The page I'm using is here (https://www.atptour.com/en/scores/results-archive?year=2021) and I'm followinig a guide from this website here (https://www.scrapingbee.com/blog/selenium-python/ , https://www.scrapingbee.com/blog/practical-xpath-for-web-scraping/). The particular problem I'm having is in the second guide website under the subtitle "E-commerce product data extraction".

My Goal is to loop through the tournaments and extract the links located with the 'Results' button, but I'm having trouble as my program is just giving me an emptylist.
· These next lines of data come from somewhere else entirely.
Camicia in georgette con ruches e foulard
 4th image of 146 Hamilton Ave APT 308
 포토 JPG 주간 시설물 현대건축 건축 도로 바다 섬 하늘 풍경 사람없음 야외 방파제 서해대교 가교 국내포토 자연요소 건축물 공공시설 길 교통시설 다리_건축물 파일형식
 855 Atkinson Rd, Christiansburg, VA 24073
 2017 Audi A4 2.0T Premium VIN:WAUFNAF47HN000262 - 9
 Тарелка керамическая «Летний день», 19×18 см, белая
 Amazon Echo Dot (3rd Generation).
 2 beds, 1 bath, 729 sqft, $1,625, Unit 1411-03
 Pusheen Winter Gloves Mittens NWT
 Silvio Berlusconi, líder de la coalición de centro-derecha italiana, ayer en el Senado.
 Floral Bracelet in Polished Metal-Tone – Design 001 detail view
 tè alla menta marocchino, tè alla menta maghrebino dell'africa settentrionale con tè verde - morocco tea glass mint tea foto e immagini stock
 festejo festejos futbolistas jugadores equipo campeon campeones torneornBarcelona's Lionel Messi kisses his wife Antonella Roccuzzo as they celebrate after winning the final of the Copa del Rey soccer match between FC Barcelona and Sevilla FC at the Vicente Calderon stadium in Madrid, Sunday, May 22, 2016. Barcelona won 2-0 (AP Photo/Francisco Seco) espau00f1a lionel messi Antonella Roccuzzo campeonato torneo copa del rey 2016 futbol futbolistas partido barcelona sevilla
from selenium import webdriver
from selenium.webdriver.chrome.options import Options


DRIVER_PATH = "C:\Program Files (x86)\chromedriver.exe"
#driver = webdriver.Chrome(executable_path=DRIVER_PATH)
options = Options()
options.headless = True
options.add_argument("--window-size=1920,1200")
driver = webdriver.Chrome(options=options, executable_path=DRIVER_PATH)
#driver.get("https://www.nintendo.com/")
#print(driver.page_source)
#driver.quit()
# 1 Data Collection
# 1.1 Find Links to All Tournaments
tournaments_2021_url = "https://www.atptour.com/en/scores/results-archive?year=2021"
#tournament_class = "tourney-result"
driver.get(tournaments_2021_url) # print(driver.page_source)
tournaments_2021_url_list = driver.find_elements_by_xpath("//a[@class='button-border']")
print("\n tournament urls \n")
print(tournaments_2021_url_list)
print(len(tournaments_2021_url_list))
driver.quit()
# 1.2 For Each Tournament, Find Links to Each Match
# 1.3 For Each Match, Extract Relevant Statistics

I would expect to have a list of elements or some weird objects and be able to extract the links, but instead I get an empty list with len 0. Thanks for any help.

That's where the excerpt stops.